Vu la procédure suivante :
Procédure contentieuse antérieure :
M. E... A... a demandé au tribunal administratif de Strasbourg d'annuler l'arrêté du 26 janvier 2021 par lequel la préfète du Bas-Rhin lui a fait obligation de quitter le territoire sans délai de départ volontaire, a fixé le pays de destination et lui a fait interdiction de retour sur le territoire français pendant une durée d'un an et d'annuler l'arrêté du 26 janvier 2021 par lequel la préfète du Bas-Rhin a ordonné son assignation à résidence.

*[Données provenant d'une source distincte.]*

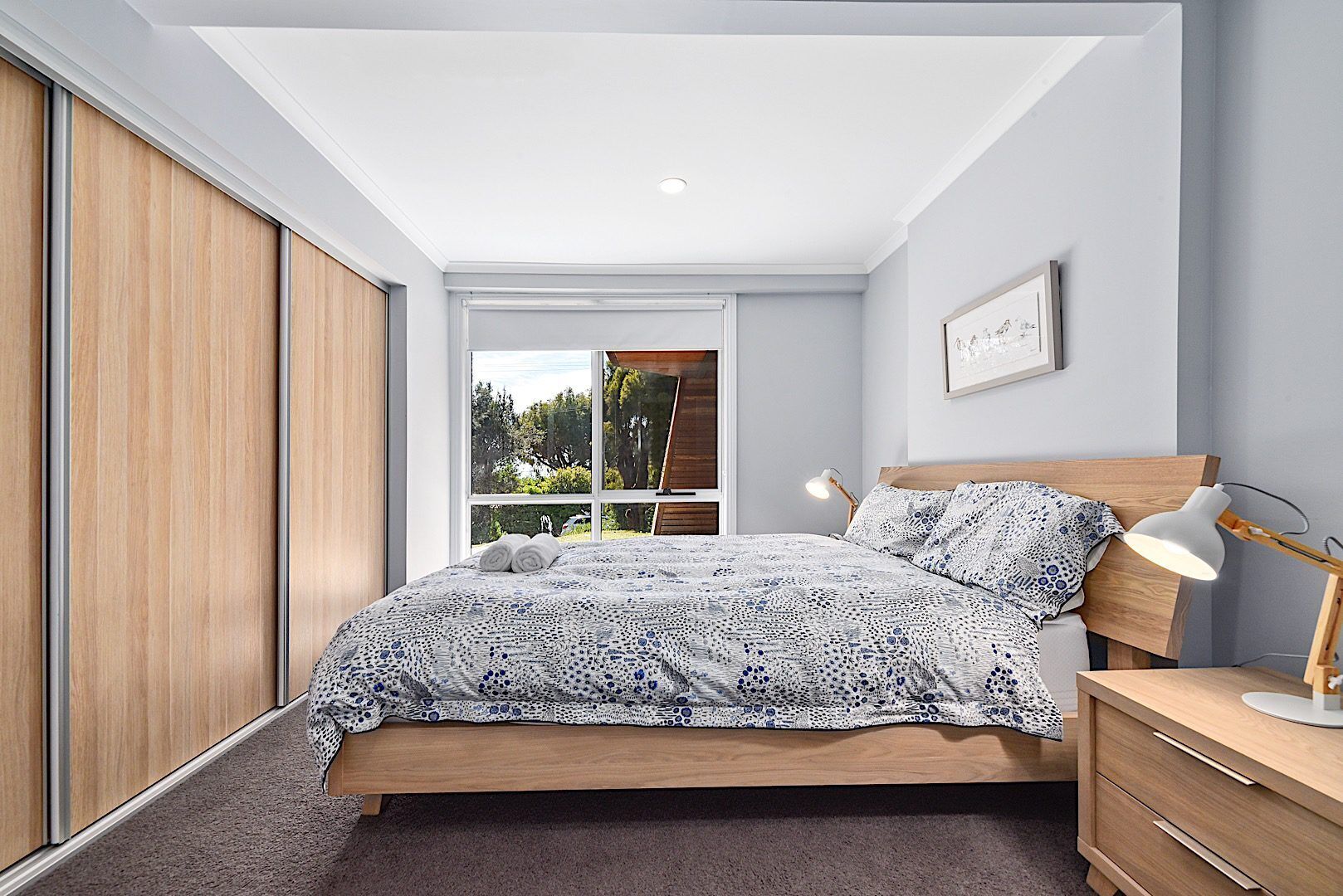 Greens Beach Delight — image 16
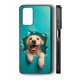 thumbnail image 1 of Carcasa Compatible con XIAOMI 12T Diseño 146, 1 of 3
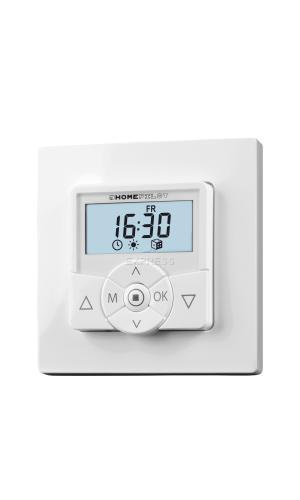 Telecomando homepilot 12481001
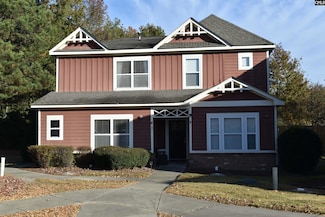 1929 Bluff Rd Unit 67, Columbia, SC 29201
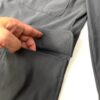 【Men's】melple | メイプル　TOMCAT Vacation Jacket - GREY [MPZZZ125] - 画像 (12)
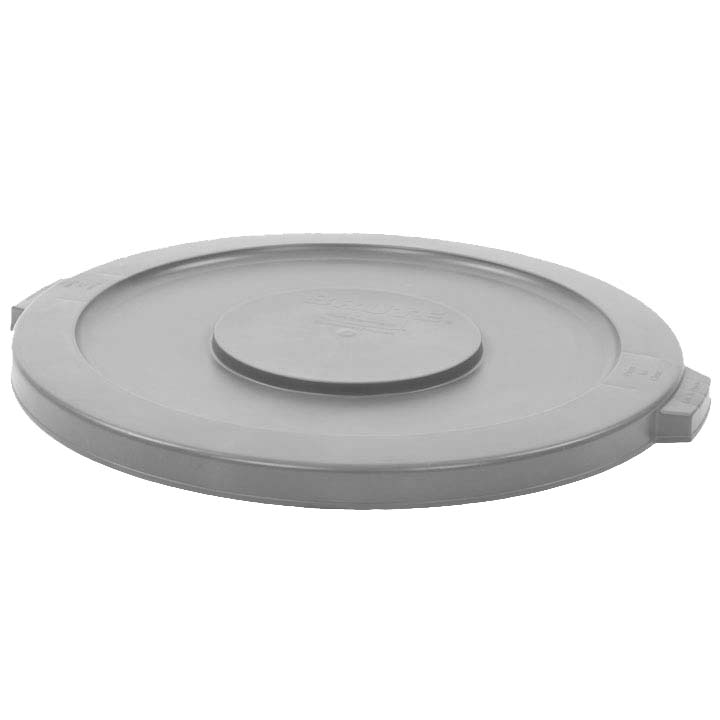 Couvercle pour collecteur BRUTE 75L - Gris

Par un jugement n° 2100562 du 8 février 2021, le magistrat désigné par le président du tribunal administratif de Strasbourg a rejeté sa demande.
Procédure devant la cour :
Par une requête enregistrée le 28 juin 2021 M. A..., représenté par Me Berry demande à la Cour :
1°) d'annuler ce jugement du tribunal administratif de Strasbourg du 8 février 2021 ;
2°) d'annuler les arrêtés du 26 janvier 2021 par lesquels la préfète du Bas-Rhin lui a fait obligation de quitter le territoire sans délai de départ volontaire, a fixé le pays de destination, interdiction de retour sur le territoire français pendant une durée d'un an et l'a assigné à résidence ;
3°) d'enjoindre à la préfète du Bas-Rhin de lui délivrer une carte de séjour temporaire dans un délai de quinze jours à compter de la notification de l'arrêt à intervenir sous astreinte de 100 euros par jour de retard ou, à titre subsidiaire, de réexaminer sa situation administrative dans le délai de quinze jours à compter de la notification de l'arrêt à intervenir et de lui délivrer pendant cet examen une autorisation provisoire de séjour, sous la même astreinte ;
4°) de mettre à la charge de l'Etat le versement à son conseil de la somme de 1 500 euros sur le fondement des articles L. 761-1 du code de justice administrative et 37 de la loi du 10 juillet 1991.
Il soutient que :
Sur l'obligation de quitter le territoire français :
- la décision méconnait les dispositions des articles L. 313-11-11° et L. 511-4-10° du code de l'entrée et du séjour des étrangers et du droit d'asile en raison de son état de santé ;
- elle méconnait les stipulations de l'article 8 de la convention européenne de sauvegarde des droits de l'homme et des libertés fondamentales et est entachée d'une erreur manifeste d'appréciation ;
- elle méconnait les stipulations de l'article 3-1 de la convention internationale relative aux droits de l'enfant au motif que ses trois enfants résident en France depuis plus de quatre ans et y sont scolarisés.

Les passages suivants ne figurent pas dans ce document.